Task to carry out
Verbatim output of the lines below is required, with the images omitted.
───── Data block
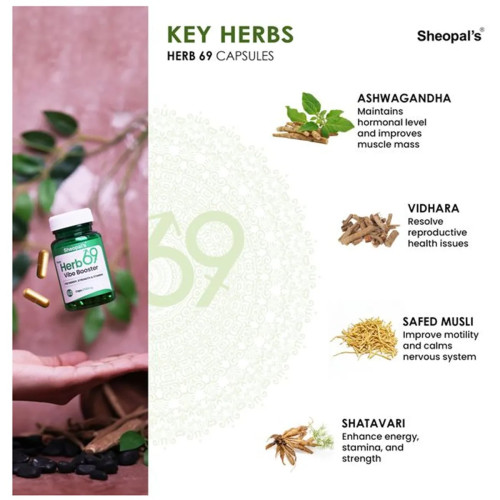 Sheopals Herb-69 Vibe Booster  Capsules (60cap, Pack of 3)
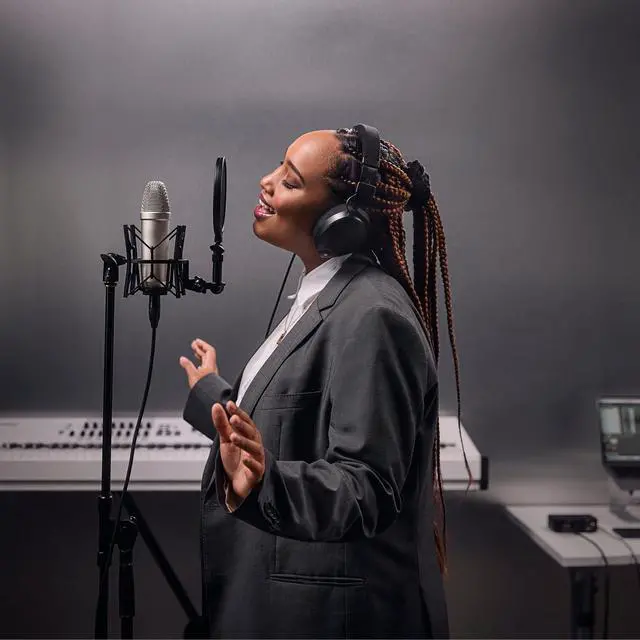 Alt view image 7 of 7 - NT1 5th Generation Condenser Microphone with SM6 Shockmount and Pop Filter,Silver | Dual Xlr and USB-C, 1 Gold-Sputtered Capsule, 4 Dba Self-Noise, SM6 Shockmount and Pop Filter Included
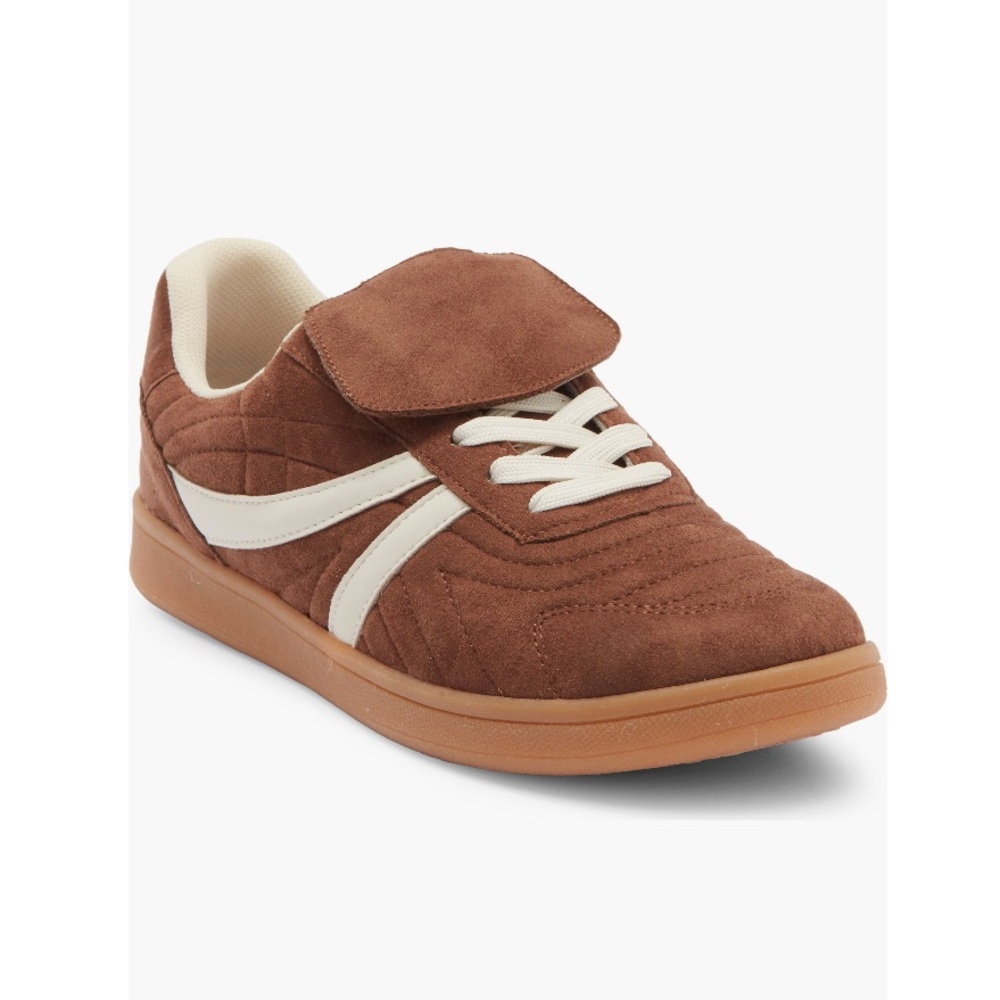 Steve Madden Madrid Low Top Sneakers Brown & White Women’s Size 5.5 NIB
──────────
Exercise output
 Sheopals Herb-69 Vibe Booster  Capsules (60cap, Pack of 3)
 Alt view image 7 of 7 - NT1 5th Generation Condenser Microphone with SM6 Shockmount and Pop Filter,Silver | Dual Xlr and USB-C, 1 Gold-Sputtered Capsule, 4 Dba Self-Noise, SM6 Shockmount and Pop Filter Included
 Steve Madden Madrid Low Top Sneakers Brown & White Women’s Size 5.5 NIB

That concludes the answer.